The question, then, is why is pen and ink summative assessment the delivery mechanism required for students to demonstrate what they know? Students rarely have access to computers as they complete exams. As well, they are not taught handwriting as I was. Nor do they have opportunities for consecutive practice to develop the muscle memory necessary to deal with the physical demands of writing for an extended length of time. It can be a challenge for teachers to decipher pen and ink written work. In marking hand-written English assignments and in scoring written work on the OSSLT, there were times when I was not sure what the student had written because I had difficulty reading their hand writing.

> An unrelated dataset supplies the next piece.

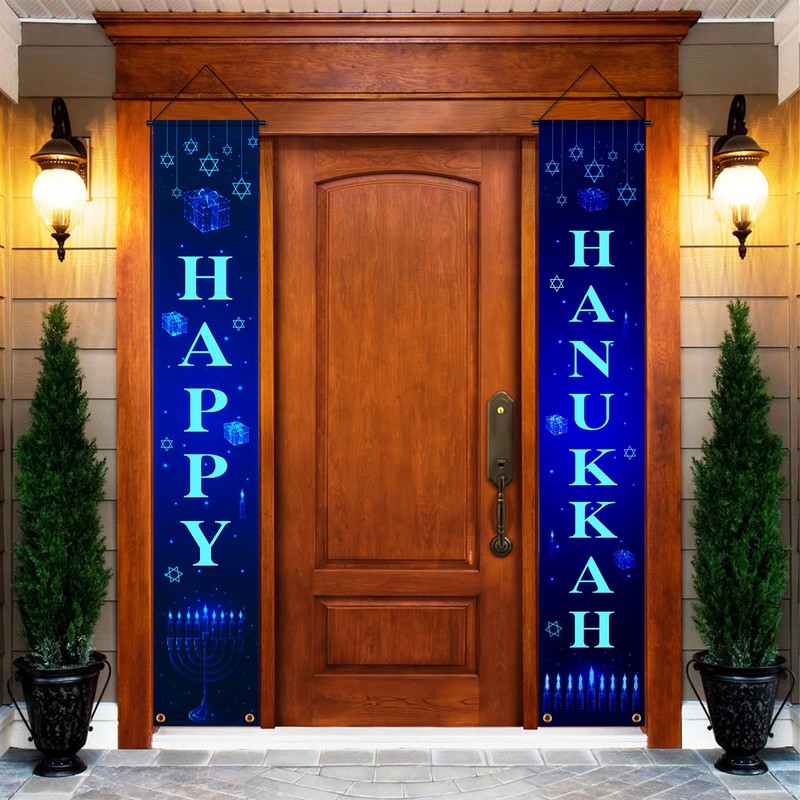 Happy Hanukkah Banner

- Nowhere in the work world is it required that intensive exams be taken except for some specific careers where exams are used to acquire further accreditation. Consider that comprehensive exams for graduate degrees are application and synthesis focused and are usually completed on student’s time and after research and in the form of orals or written papers. Post-secondary comprehensive exams are rarely if ever completed in a one-sitting written exam session.
While students do need to write essays and dissertations and put their thinking in writing, final summative written assessments are not the only way to ensure that students demonstrate those skills. Research assignments and Independent Studies are also methods which can be used to hone student ability to research, draft and create written work.
The final summative written assessments as they now exist are external assessment tools which do not provide students with an opportunity to authentically gauge for themselves just how much they know.
. . .
There are many people – educators and parents and even students who believe that exam marks indicate student success. The higher the mark on the exam, the more successful the student is. For me, this begs the question: What does success in learning look like? Is it a function of a high final grade? Is it a function of students’ ability to be given a problem or something to explore and then consider the task, break it down, decide what they know and what they need to find out, complete research to fill in the gaps in their knowledge, and then create a response to the task? That response might be a report or essay or it might be the creation of a performance work appropriate to the subject being explored.
In this quantum age in which we live, we need to decide what is important for our children – marks or cognitive ability? We need to ask ourselves if final summative written assessments [exams] are the best way to evaluate student learning. Are they the best way to prepare our students for the demands of the 21st century?